_WHAT IS BEING ASKED_: Word for word, restate the lines of the listing from the one that holds "high voltage towers" through the very last line, and nothing more.

_SUPPLIED INFORMATION_:
============
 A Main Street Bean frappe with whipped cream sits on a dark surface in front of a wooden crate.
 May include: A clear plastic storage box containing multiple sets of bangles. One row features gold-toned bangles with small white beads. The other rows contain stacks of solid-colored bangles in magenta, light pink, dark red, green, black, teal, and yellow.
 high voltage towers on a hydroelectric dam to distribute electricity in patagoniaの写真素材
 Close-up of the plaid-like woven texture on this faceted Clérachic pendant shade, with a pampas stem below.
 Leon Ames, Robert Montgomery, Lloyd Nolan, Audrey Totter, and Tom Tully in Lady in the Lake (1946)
============
_WRITTEN ANSWER_:
 high voltage towers on a hydroelectric dam to distribute electricity in patagoniaの写真素材
 Close-up of the plaid-like woven texture on this faceted Clérachic pendant shade, with a pampas stem below.
 Leon Ames, Robert Montgomery, Lloyd Nolan, Audrey Totter, and Tom Tully in Lady in the Lake (1946)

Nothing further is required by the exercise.